Saturday, December 27, 2014

Giants, Vikings and Gold

A bout with the flu (despite getting a shot) and preparations for Christmas have kept me from blogging the last month. But now I am back to share some more highlights of our trip.
The last two days were spent in Dublin: shopping, people watching and absorbing the atmosphere. I did get to the archeological branch of the National Museum of Ireland. I visited it ten years ago when I was in Dublin for the first time and remember the awe I felt at some of the exhibits. The main floor is devoted to the ancient eras: iron age, bronze age and Neolithic. The displays of gold and amber jewelry are as massive and incredible as I recalled.

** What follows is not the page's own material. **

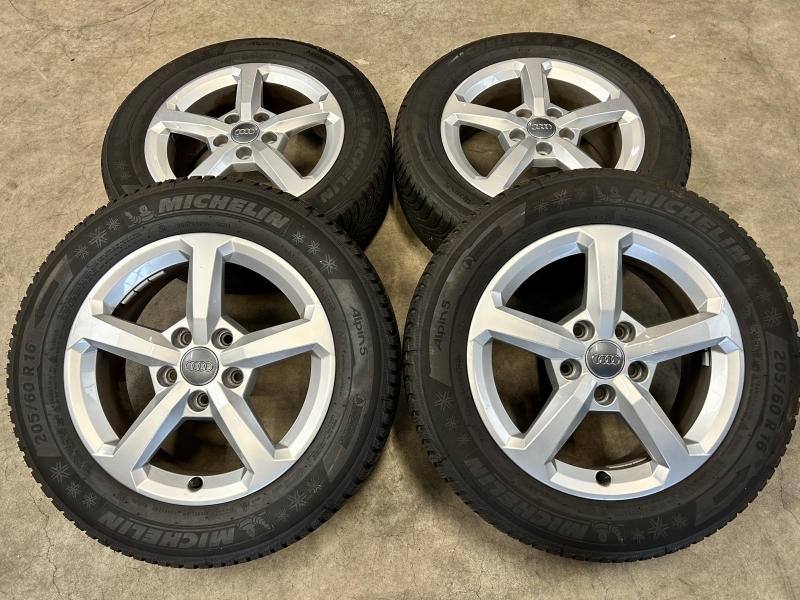 16 inch originele velgen + winterbanden Audi Q2  81A601025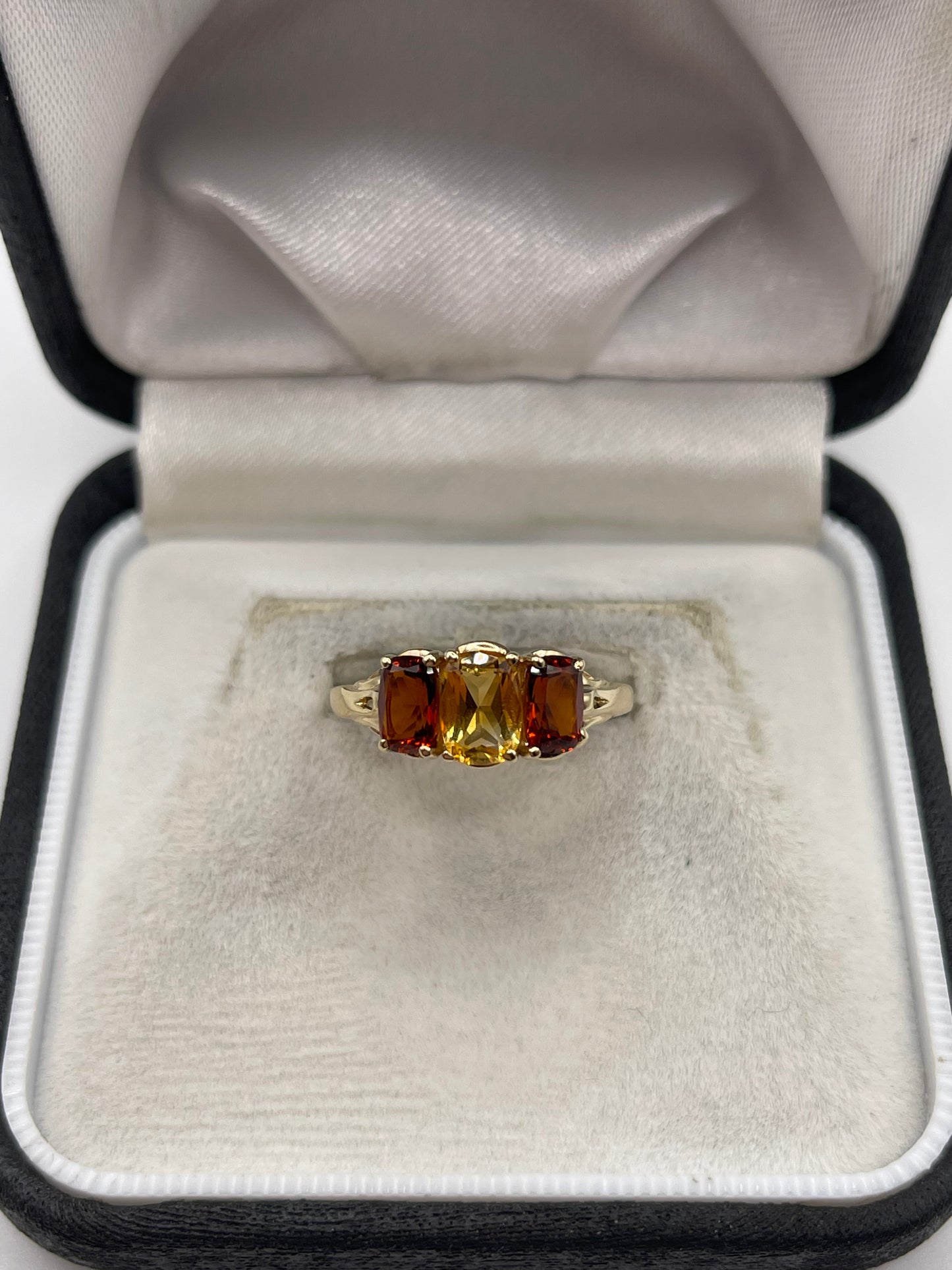 9ct gold citrine and garnet ring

For perspective, the golden spheres are the size of baseballs, the twisted gold torcs over a foot in diameter, the amber beads the size of birds' eggs and the "cloak pins" are about ten inches long and big enough to fasten the garment of a giant.  And maybe there were giants living there, as there is a display at the museum of bog body called Old Croghan Man, which is the remains of a male in his twenties who was six and a half feet tall. The body is dated to the third century b.c., a time when most men were at least a foot shorter.
These amazing, oversized objects actually ended up being part of the plot of my book The Dragon Bard.
The museum also houses more traditional examples of Irish metalwork, like these dazzling gold torcs and the famous Ardagh Chalice.

But as much as I delight in the beauty and craftsmanship of these priceless objects, what I find most intriguing in this museum are the displays of everyday objects. There's something very affecting about viewing combs that actually smoothed the hair of people living in Viking Dublin, seeing the weapons they used in battle, the rings they wore and the gameboard they played games upon.

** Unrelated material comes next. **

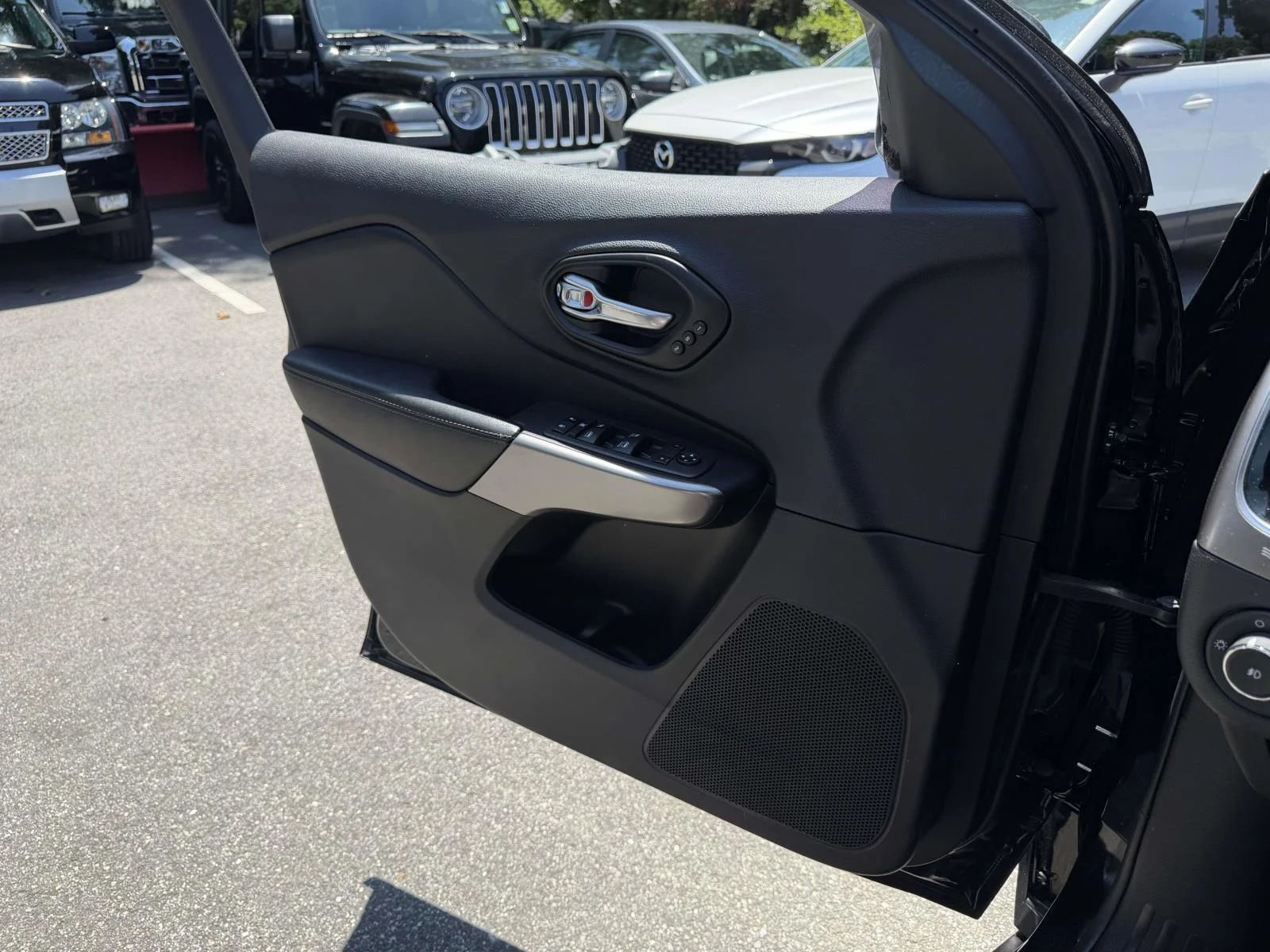 Used 2022 Black Jeep Limited image 18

All too soon I had to leave the delights of the museum and return to the hotel. And there are two other branches I didn't have time to visit at all, the natural history museum and the museum of decorative arts and history. I've never even gotten to the decorative arts one, although I did visit the natural history one ten years ago, where I had one of the employees take this picture of me with the skeleton of the giant Irish elk displayed there.

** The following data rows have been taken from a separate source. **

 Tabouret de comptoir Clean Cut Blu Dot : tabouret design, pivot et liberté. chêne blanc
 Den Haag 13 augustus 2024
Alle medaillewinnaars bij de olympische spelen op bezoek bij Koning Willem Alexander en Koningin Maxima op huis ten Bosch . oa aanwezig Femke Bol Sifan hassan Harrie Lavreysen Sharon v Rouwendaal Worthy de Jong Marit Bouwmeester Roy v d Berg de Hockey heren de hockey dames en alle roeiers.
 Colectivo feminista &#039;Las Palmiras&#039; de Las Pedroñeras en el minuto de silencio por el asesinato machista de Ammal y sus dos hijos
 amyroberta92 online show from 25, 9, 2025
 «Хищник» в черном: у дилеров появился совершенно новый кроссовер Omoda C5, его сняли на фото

  1. Yes, those coat pins could be fatal. Glad you enjoyed your trip and recovered from the flu.

  2. I loved this post. I was a teenager the last time I was in Dublin and was more interested in boys than history.
    One day I'll get back there. I've read about the elk and the great hazel forests that covered Ireland. I've also studied the daily life of Early Christian Ireland but seeing it would be a gift. Thank you for sharing your photos with us.

    1. I think my daughter's priority will probably change, too. She was way more into the nightlife in the city than the countryside. Thanks for stopping by.

  3. Fascinating! I would love to visit this museum. Thank you for sharing and I'm glad you're feeling better.

  4. I'm happy to hear you're feeling better. Sadly, I never got a chance to visit the museum when I visited some time ago, so what a treat to read your post, Mary. Thanks for sharing. Great pictures. :)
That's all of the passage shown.